In analog compression, she thunders in the corners and defines the record in manners not yet before seen in her work. It is a distinctly American album that breathes and whispers through the desolate heartland, an act of observing what you could call “America,” a self-contradictory landscape which finds itself captured time and time again by the ethos of late 1960s country-pop or the famed recording houses of Nashville.

Released on Sept. 15 following an extensive tour and even more extensive virality in the last few years, The Land’s existence was never itself certain. Mitski had previously been on a touring hiatus for some years, and announced the end of her music career after fulfilling label Dead Ocean’s requirement of one more album. The contract has since been renegotiated, with little word from both parties. The stresses of contractual requirements were further compounded by a surge in her music’s popularity on platforms such as TikTok, which has proven uncomfortable for her.

Despite initial fears and reservations, The Land sounds nothing like a contractual requirement.

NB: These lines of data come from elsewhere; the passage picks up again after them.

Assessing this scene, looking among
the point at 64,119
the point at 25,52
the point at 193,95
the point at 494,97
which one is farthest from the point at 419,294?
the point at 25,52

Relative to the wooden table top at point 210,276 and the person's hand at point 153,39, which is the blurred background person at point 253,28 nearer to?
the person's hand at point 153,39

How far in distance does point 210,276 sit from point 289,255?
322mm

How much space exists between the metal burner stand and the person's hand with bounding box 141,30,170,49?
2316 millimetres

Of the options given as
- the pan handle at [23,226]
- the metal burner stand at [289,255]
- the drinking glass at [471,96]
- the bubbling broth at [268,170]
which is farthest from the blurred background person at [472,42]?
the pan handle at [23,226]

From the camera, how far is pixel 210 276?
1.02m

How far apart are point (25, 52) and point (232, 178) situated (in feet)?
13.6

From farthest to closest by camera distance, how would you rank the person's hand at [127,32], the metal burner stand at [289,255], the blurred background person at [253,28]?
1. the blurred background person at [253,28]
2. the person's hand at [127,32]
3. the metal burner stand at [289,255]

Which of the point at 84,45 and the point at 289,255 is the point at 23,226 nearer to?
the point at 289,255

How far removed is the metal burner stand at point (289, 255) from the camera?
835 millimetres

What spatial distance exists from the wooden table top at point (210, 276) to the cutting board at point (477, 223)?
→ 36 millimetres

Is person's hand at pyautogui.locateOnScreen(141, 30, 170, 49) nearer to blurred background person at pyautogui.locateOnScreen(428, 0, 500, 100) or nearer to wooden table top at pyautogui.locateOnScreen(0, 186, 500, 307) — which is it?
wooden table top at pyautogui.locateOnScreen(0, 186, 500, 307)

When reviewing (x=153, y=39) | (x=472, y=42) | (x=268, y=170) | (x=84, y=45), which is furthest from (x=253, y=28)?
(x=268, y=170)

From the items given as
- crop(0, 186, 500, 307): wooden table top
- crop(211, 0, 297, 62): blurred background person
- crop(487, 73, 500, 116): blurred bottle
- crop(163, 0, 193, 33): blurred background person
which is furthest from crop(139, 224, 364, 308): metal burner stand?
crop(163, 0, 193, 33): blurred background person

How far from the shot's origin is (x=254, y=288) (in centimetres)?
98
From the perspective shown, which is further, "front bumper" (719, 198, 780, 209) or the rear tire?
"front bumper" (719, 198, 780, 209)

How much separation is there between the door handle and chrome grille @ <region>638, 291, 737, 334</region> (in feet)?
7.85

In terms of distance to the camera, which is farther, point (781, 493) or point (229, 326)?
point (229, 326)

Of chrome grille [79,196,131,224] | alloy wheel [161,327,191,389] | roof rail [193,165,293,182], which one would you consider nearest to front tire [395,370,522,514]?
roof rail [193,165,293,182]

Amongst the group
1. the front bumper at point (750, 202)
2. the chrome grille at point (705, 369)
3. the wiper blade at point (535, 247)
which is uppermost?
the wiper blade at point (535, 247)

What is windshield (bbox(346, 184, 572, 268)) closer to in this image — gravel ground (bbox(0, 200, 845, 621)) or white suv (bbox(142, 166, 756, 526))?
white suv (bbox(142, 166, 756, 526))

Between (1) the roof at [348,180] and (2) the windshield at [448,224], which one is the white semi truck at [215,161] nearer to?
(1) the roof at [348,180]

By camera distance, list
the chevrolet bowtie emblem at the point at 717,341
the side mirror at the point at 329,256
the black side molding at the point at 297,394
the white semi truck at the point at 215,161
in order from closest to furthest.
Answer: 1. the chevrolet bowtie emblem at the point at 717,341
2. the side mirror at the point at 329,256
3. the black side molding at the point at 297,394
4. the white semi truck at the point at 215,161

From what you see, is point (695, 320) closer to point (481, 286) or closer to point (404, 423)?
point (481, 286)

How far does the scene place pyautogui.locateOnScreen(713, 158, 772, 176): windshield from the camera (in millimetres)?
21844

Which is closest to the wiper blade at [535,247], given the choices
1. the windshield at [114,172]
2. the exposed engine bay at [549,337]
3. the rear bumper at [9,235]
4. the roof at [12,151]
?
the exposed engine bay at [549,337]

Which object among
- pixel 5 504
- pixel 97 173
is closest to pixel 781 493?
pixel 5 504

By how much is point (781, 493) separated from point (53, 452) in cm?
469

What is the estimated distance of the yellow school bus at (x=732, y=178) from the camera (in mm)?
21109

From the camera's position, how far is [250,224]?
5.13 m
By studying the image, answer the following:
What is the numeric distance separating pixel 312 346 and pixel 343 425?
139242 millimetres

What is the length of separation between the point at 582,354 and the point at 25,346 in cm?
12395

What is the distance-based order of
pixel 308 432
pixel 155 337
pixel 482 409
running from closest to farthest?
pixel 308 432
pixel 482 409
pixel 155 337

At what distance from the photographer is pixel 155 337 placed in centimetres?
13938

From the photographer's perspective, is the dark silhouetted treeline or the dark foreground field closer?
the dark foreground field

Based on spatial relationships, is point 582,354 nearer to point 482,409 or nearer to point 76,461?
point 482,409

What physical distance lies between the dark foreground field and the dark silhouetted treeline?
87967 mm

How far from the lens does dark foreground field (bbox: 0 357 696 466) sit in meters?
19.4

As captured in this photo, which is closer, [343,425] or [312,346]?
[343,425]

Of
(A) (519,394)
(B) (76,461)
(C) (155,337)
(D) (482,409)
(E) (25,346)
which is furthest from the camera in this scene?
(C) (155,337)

Remarkably, it’s far from it, standing as Mitski’s most reserved yet wisest album, a sort of reset button on genre and virality. Gone are the synth-pop arrangements of Laurel Hell and her most famous record, Be The Cowboy. The Land appears to almost be a return to form to the quieter, more reserved, aching period of her work. 

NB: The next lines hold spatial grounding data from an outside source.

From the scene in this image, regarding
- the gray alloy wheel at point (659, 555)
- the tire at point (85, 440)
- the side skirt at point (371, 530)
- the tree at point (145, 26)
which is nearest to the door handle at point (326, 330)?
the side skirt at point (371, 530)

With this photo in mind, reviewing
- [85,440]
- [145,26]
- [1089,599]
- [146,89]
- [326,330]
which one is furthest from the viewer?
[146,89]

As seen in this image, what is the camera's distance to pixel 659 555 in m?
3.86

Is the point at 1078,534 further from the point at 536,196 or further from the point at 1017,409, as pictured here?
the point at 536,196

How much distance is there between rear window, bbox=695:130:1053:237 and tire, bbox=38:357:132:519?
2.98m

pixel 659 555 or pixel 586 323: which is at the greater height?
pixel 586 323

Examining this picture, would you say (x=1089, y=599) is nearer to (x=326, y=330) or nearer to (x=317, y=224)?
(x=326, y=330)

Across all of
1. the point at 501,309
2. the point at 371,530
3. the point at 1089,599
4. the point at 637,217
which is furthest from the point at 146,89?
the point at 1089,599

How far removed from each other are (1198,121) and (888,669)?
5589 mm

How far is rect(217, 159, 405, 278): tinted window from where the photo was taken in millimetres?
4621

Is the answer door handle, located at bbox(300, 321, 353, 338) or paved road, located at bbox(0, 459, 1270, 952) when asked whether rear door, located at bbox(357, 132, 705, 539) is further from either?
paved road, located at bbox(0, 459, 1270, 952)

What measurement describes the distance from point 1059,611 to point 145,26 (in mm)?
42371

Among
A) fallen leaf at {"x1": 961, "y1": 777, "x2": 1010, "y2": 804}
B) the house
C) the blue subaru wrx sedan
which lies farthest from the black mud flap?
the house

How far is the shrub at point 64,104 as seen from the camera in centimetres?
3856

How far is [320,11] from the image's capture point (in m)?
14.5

In the opening single “Bug Like an Angel”, Mitski oscillates between massive gospel hums, hissing tape and the warble of an acoustic guitar, lamenting family and alcoholism. “Buffalo Replaced” takes on a borderline lo-fi level of country, and “Heaven” recalls the popular violin arrangements of a bygone era, populated with beautiful, yet utterly sincere lyrics. “I Don’t Like My Mind” appears at first listen to be a classic “depression song”, yet seems to take part in some criticism of the nature of said impressions. The lyric “A whole cake, all for me” evokes both tragedy and sincerity, appearing as both a self-reflective love song and an opportunity to exit the enemy, “me,” which recurs throughout the record.

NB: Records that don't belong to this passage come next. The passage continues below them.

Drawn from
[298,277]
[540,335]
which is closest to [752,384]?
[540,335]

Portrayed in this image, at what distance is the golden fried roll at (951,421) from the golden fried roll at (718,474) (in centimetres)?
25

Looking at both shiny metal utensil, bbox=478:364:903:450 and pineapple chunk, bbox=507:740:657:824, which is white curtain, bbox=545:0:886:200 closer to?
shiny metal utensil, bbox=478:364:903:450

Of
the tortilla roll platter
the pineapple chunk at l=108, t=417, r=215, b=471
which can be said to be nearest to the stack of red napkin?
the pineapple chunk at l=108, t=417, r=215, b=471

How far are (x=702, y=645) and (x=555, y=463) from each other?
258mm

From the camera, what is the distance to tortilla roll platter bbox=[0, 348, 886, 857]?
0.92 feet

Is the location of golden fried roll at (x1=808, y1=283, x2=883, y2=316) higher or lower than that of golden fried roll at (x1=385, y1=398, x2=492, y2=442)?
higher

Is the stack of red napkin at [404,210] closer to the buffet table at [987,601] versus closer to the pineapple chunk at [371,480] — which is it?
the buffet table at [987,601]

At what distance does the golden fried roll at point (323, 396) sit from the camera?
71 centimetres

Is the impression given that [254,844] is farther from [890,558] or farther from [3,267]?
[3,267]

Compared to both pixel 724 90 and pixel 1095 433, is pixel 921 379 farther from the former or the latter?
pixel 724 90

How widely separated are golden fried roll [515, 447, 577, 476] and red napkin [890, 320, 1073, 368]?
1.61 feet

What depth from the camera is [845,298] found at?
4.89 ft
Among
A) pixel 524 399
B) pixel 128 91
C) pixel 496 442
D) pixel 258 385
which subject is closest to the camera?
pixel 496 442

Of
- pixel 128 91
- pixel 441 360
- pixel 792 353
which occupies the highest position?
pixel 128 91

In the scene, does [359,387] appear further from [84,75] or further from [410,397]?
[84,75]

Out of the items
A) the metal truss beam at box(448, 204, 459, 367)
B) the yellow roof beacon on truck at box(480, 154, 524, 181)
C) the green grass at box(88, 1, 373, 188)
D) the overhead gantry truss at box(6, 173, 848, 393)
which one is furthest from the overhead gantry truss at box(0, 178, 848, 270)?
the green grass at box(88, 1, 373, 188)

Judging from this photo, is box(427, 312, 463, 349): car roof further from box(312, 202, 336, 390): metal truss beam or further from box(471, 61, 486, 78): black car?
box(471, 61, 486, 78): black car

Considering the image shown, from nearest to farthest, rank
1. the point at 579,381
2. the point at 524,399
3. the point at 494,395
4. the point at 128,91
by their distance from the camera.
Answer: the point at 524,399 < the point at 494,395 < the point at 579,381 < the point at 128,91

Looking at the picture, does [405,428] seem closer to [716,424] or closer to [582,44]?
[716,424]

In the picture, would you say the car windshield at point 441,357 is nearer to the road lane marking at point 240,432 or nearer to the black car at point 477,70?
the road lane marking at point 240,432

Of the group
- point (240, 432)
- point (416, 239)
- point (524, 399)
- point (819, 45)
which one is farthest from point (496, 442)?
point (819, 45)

The second half of the record tells a different, more subtle story. “The Deal”, while ballad-like at times, depicts a speaker giving their soul back to a bird and to the night, a deal left incomplete, at peace. On “When Memories Snow”, which acts as a brief interlude to the record, she invokes vast arrangements of a time long forgotten. On “My Love Mine All Mine” (the author’s personal favorite), Mitski creates a tragic distance which suggests eternity and closure within that eternity. These notions carry through to “Star”, which appears almost to be a shift in genre for the record with its spacey synthesizer, which is quickly lost to a far more meditative reflection of protagonism, in “I’m Your Man”. The penultimate track reads as if it were a goodbye, fading into the sound of crickets and barking dogs. “You believe me like a god / I’ll betray you like a man”. 

This is not the end. The 32-minute meditation ends on a somber note with “I Love Me After You”, which ends with Mitski alone with a cacophonous acoustic guitar and ghostly reverb-laden vocals. Rather than enraged, depressed or heartbroken, the speaker stands free, declaring “king of all the land” as the volume rises and encapsulates the soul of the record, dissolving with another tape hiss.

Perhaps this silent ending signals towards notions of fandom and virality, the warranted and necessary silence, a step away from devotion to an unspoken land. But it feels more correct to suggest that it is more powerful to embrace the uncertainty of a quiet future. There may be many other songwriters who have touched on the human subjects that Mitski does in this record: disillusion, escapism, the bottle, loneliness, absentness, love. But few have done this as well as Mitski has accomplished on this record and with this much quiet and honesty.

Perhaps it’s good for all of us that we are left with an uncertain ending. Haven’t we been left with them so many times? Why not walk freely into it?